Selon les associations Richtung22 et Lëtz Rise Up, le passé colonial du Grand-Duché n'est pas assez développé.
Grâce à une visite guidée à travers Luxembourg-Ville, les deux organisations souhaitent mettre en lumière cet aspect de l'histoire luxembourgeoise, si souvent occulté. Début du tour à la Villa Louvigny, sur le côté du parc, là où se trouve l'aire de jeu. Un panneau explique aux visiteurs le passé du bâtiment qui abrite de nos jours le ministère de la Santé.
"La Villa Louvigny était un lieu de fêtes et de spectacles au 20e siècle", explique Sandrine Gashonga de Lëtz Rise Up, "En 1900, un spectacle assez spécial fut organisé à cet endroit, une exposition humaine appelée "Exposition et spectacle des Amazones du Dahomey" présentant 53 personnes, des enfants, des femmes et des hommes. Une sorte de "zoo humain", comme on l'appellerait des nos jours, qui avait pour but d'exposer des personnes non-blanches issues des colonies et de montrer leur style de vie aux Européens".
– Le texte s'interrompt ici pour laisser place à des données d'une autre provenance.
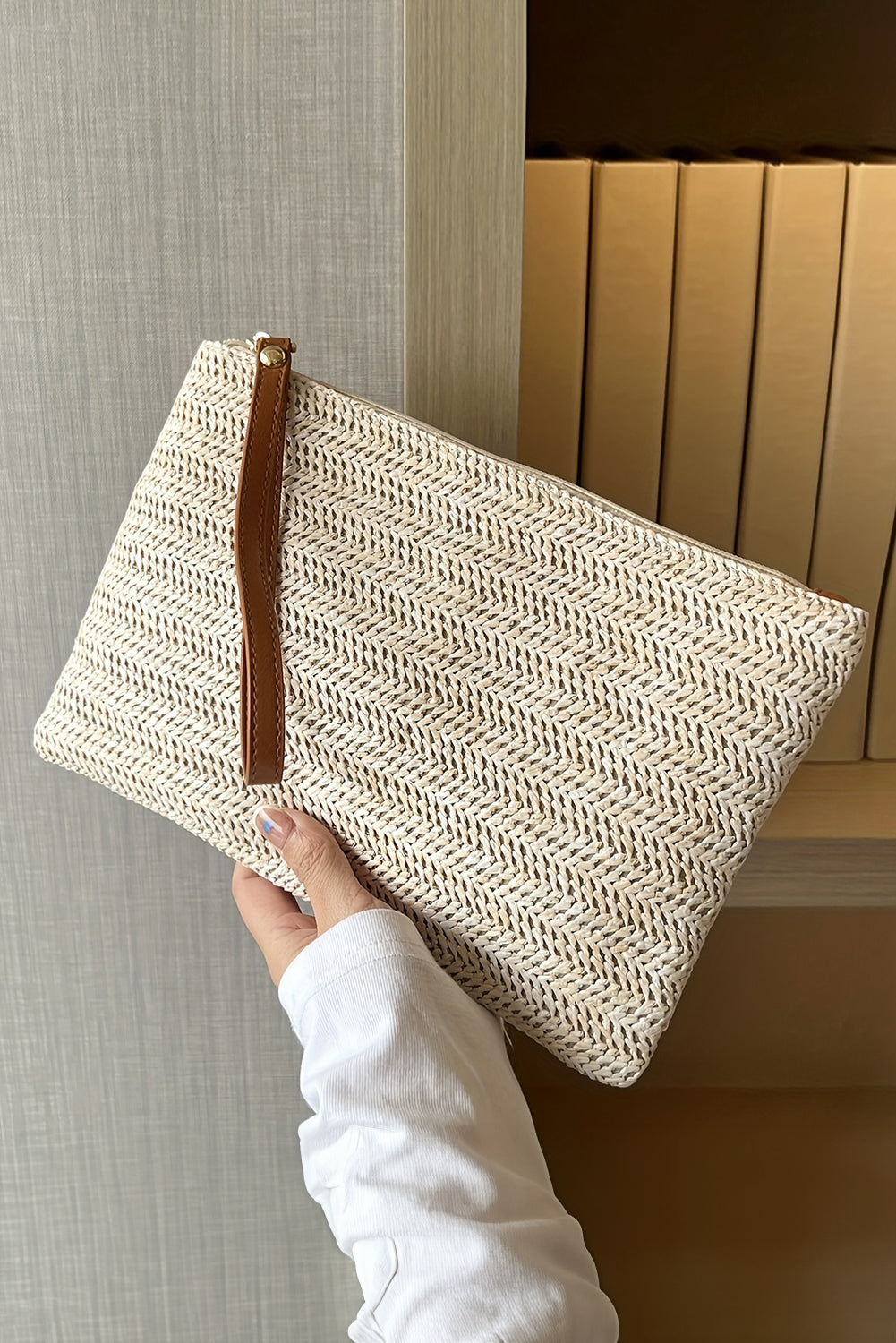 Straw Woven Wrist Strap Zipper Large Wallet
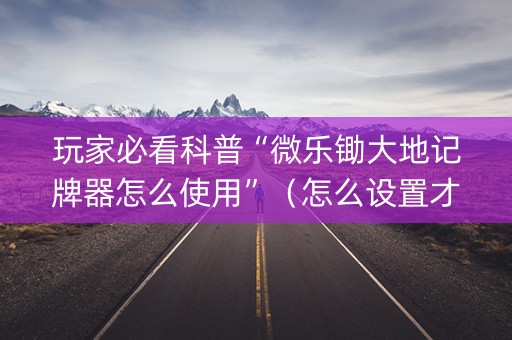 玩家必看科普“微乐锄大地记牌器怎么使用”（怎么设置才能赢)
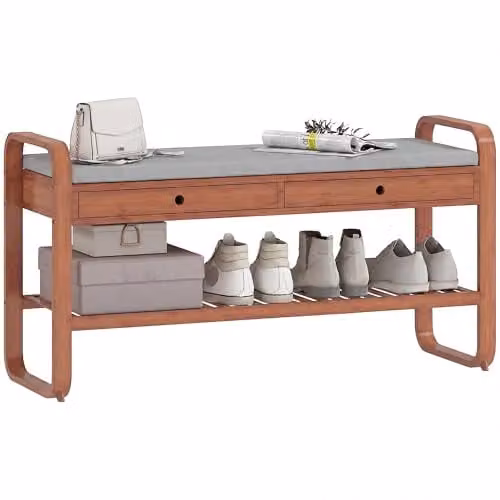 HOMCOM Shoe Bench with 2 Drawers in Brown and Grey, W: 105 cm, D: 33.2 cm, H: 55 cm – 1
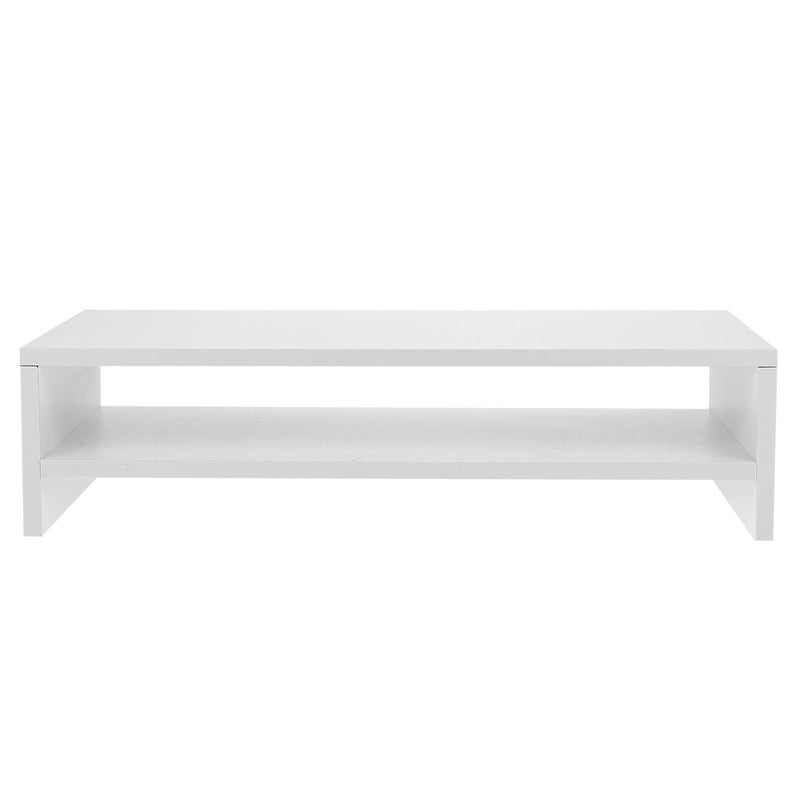 White Monitor Stand with Storage Rack Desktop Riser for Computer Screen Office Home Desk - Image 2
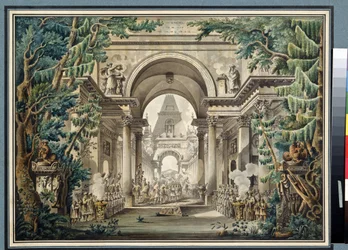 「La procession au Temple」（お寺の行列） 芝居の舞台装置。 Louis Jean Deprez (1743-1804) の水彩画 プーシキン美術館、モスクワ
Ces "expositions humaines" ne cesseront d'ailleurs pas avant des années, comme en témoigne la vidéo ci-dessus tournée au Luxembourg en 1929.
Le panneau explicatif devant la Villa Louvigny parle de la longue présence de RTL dans ce bâtiment, mais n'affiche plus aucune trace du passé colonial. La démarche des associations est de rendre visible cet aspect historique un peu "oublié". Elles revendiquent que les autorités expliquent aux citoyens ce qu'il s'y passait et que l'information soit rendue publique, ce que les associations souhaitent atteindre grâce aux visites guidées.
Lëtz Rise Up et Richtung22 ont préparé ce projet après plus d'un an de recherches afin d'organiser et de proposer ces visites dans le cadre de la campagne "Décoloniser le Luxembourg!" L'intérêt du public semble être au rendez-vous puisque ce week-end, tous les créneaux dans les trois langues luxembourgeois, français et anglais sont complets.
Près de l'arrêt de tram Charlie's Gare, de nombreux citoyens luxembourgeois ne peuvent s'empêcher de penser à la chanson "De Jhangli fiert den Houwald erop", mais peu d'entre eux connaissent son côté raciste. Un passage utilise même le "N-word", mais cet aspect semble avoir été oublié, comme l'indique Gabrielle Taillefert de Richtung22, qui est d'avis que le traitement de l'histoire coloniale du Luxembourg n'est pas assez mis en avant.
"Je ne pense pas que la solution est de tout effacer mais plutôt justement de contextualiser et d'affirmer que cela a existé. Ne pas en parler ne rend pas la chose plus visible, il faut expliquer pourquoi ce genre de comportement n'est pas correct et que, dans le cadre de la chanson, il ne faut pas ou plus chanter ce passage".
Les institutions publiques tout comme les entreprises privées sont pointées du doigt lors des visites guidées: "prenons par exemple le diadème de la famille grand-ducale qui provient du Congo belge et pour lequel la monarchie n'a jamais présenté ses excuses, c'est également une de nos revendications, des excuses publiques!" Mais pas seulement, puisque les associations demandent également l'ouverture d'un département au sein de l'Université du Luxembourg ou encore l'analyse de l'aspect colonial de la place financière luxembourgeoise.
Un débat public doit avoir lieu grâce aux recherches et à la campagne "Décolonisons le Luxembourg!". Cet été, Richtung22 et Lëtz Rise Up souhaitent proposer leurs visites guidées dans une promenade audio. Grâce à une application mobile, toute personne intéressée pourra découvrir à son rythme le passé colonial de la capitale grâce aux indications fournies.